Unlike most undergraduates involved in research, Calistro isn’t assisting on a professor’s project or helping a graduate student with their own solo effort—the project is all his. He’s designed it, is implementing it, and will write up the results for publication. His work is supported by the Social Impact Research Fund, which targets student-driven projects. The pilot program was launched with funding from Gary A. Kraut (’64, COM’66).
The only faculty involvement is a light guiding hand from Sal Genovese, a lecturer of natural sciences and mathematics. He’s been joining Calistro on some of his sample collecting trips, but “trying to be as hands off as possible, letting Gabe drive the question and direction.”
Genovese compares it to working with a graduate student. “A key developmental stage in becoming a research scientist is that sense of autonomy,” he says. “The difference between directed and independent research is immense.”
Buckets, Mesh, Clippers
On an early fall morning, Calistro and Genovese are up before 5 am to catch the 6:13 am low tide at Revere, Mass., a beachside city just north of Boston. Calistro begins collecting silty samples using a 30 cm x 30 cm square frame, or quadrat, placed a couple of centimeters below the surface of the water; he logs each collection location using GPS.

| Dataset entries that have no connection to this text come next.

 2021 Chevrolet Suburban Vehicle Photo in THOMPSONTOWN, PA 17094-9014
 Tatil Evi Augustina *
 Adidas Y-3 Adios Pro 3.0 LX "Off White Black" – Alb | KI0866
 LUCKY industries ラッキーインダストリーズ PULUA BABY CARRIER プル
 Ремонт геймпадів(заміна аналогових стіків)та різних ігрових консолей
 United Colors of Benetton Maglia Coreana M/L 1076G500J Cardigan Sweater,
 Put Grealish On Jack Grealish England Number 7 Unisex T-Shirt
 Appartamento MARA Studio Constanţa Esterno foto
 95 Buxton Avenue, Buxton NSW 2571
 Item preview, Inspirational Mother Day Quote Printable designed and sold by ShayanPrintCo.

On this morning, he’s also testing a new filtration system that he hopes will help solve an issue that’s been slowing down—and stinking up—the research.

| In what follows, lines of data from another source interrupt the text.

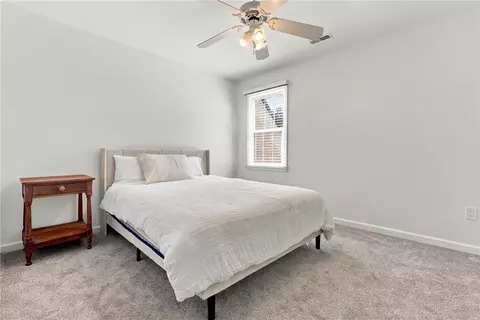 Bedroom - 406 Stonewall Dr, Easley, SC 29642 photo 3 of 8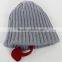 beanie knitted winter hat,beanie hat winter,animal head winter hat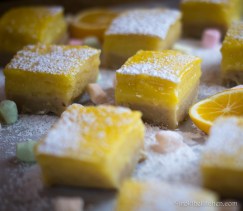Lemon Bars-19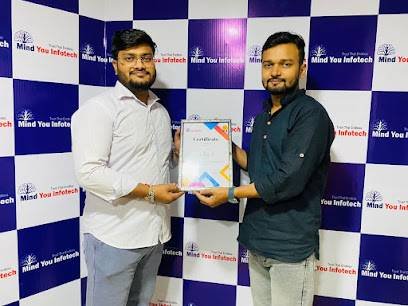 Mind You Infotech: Best Software Development Company and Mobile App Development Company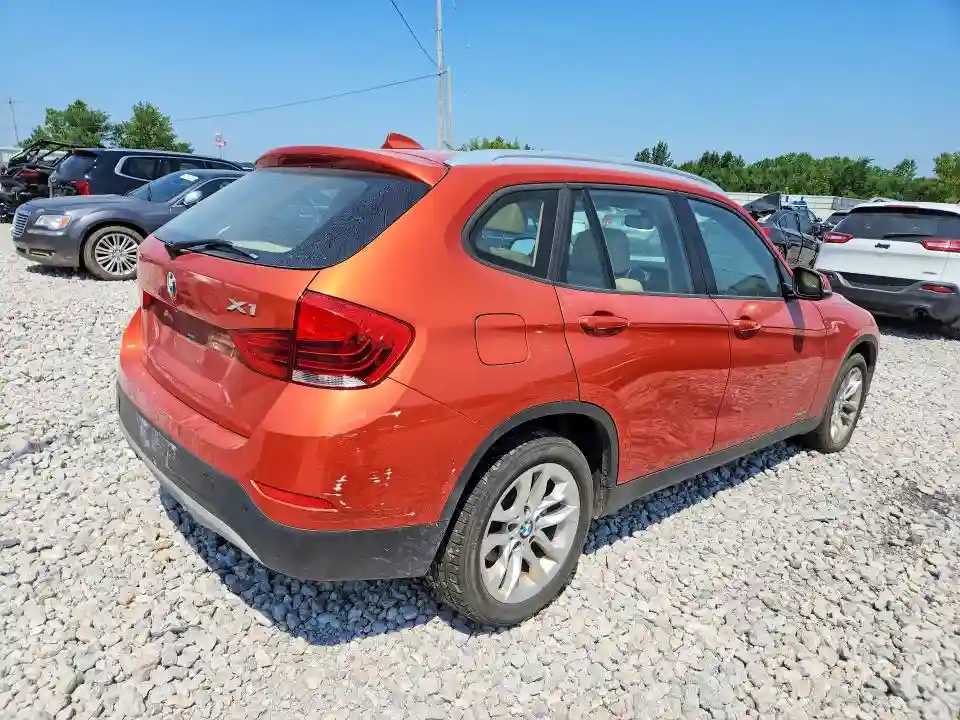 WBAVL1C58FVY24623 2015 BMW X1-2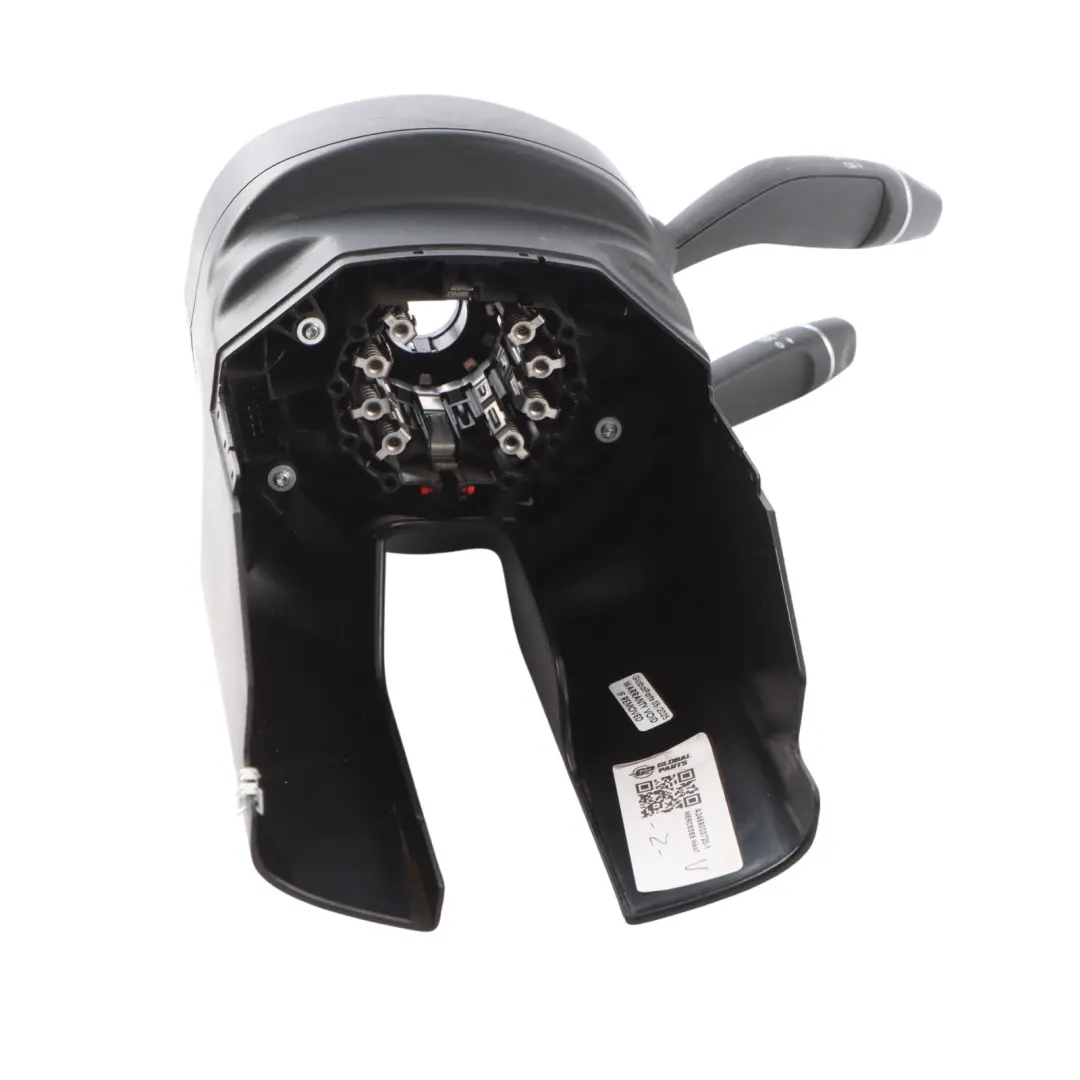 Steering Column Slip Switch Stalk Control Unit to Mercedes Vito W447 with Part number A2469003720 Mercedes Vito W447 Steering Column Slip Switch Stalk Control Unit - SKU A2469003720-1 - Part number A2469003720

When he launched the project, he was grabbing as many samples as he could, filling those big gallon bags, then sifting the chunks of debris back at the lab to get to the smaller fragments he wanted to examine for microplastics. But Calistro was running out of fridge space and didn’t have an easy way to dispose of the excess sludge coming along for the ride. The ability to filter the samples on-site would be a big help. Using Kraut’s funding, he bought everything he needed to build a custom specimen strainer: buckets, two sets of metal mesh filters, and wire clippers. He cut holes in the bottom of each bucket, covered the gaps with different size meshes, then stacked them together.

Out in the estuary, Calistro takes the sample from his quadrat, places it on the top mesh, then plunges his contraption into the chilly inlet. Water surges into the buckets, passing through the filters—one with wider 4.5-millimeter holes, the other with tighter 0.9-millimeter holes—and rinsing the sample. When he lifts the buckets, brackish water and specks of silt flow out the bottom: any small debris in the sample is caught by the bottom bucket’s fine mesh base, while the bigger stuff is held back by the top one’s wider filter. The smaller, strained sample is what Calistro calls “the panned gold that is the size range of particles my research is looking at”; the chunkier stuff at the top just gets dumped out.

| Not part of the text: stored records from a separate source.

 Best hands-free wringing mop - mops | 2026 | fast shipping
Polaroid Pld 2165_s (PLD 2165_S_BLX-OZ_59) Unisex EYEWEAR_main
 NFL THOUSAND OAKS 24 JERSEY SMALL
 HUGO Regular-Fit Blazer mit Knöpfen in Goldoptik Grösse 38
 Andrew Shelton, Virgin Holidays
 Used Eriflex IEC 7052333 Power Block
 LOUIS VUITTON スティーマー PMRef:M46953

“It worked,” says Calistro of his bucket and mesh invention, “which was probably the biggest breakthrough I had so far—I’m very proud of it. Now, the samples all fit in 24-ounce containers.”
For Calistro, who’s working two jobs—including at a doggie daycare business—to help pay for college, the funding he used to buy the equipment is vital.
“There’s so many things we’ve had to purchase. Research requires supplies: buckets, shears, filters, waders, gloves, containers,” he says. “If I want to do collecting on my own or with someone else, there’s transportation costs. Funding is necessary to do anything—I’m very grateful.”
When Things Go Wrong
At times, he admits, some of the setbacks have left him wondering if he should give up on the research. Was he using the wrong techniques? Were his problems fixable? With Genovese’s help, he began to see that was all a part of being a scientist.

“A lot of things will go wrong—and that’s OK,” says Calistro. “I’ve had a lot of setbacks. With the collecting, I improved it, had a great success, and went out to the next site location. There’s a lot of trial and error.”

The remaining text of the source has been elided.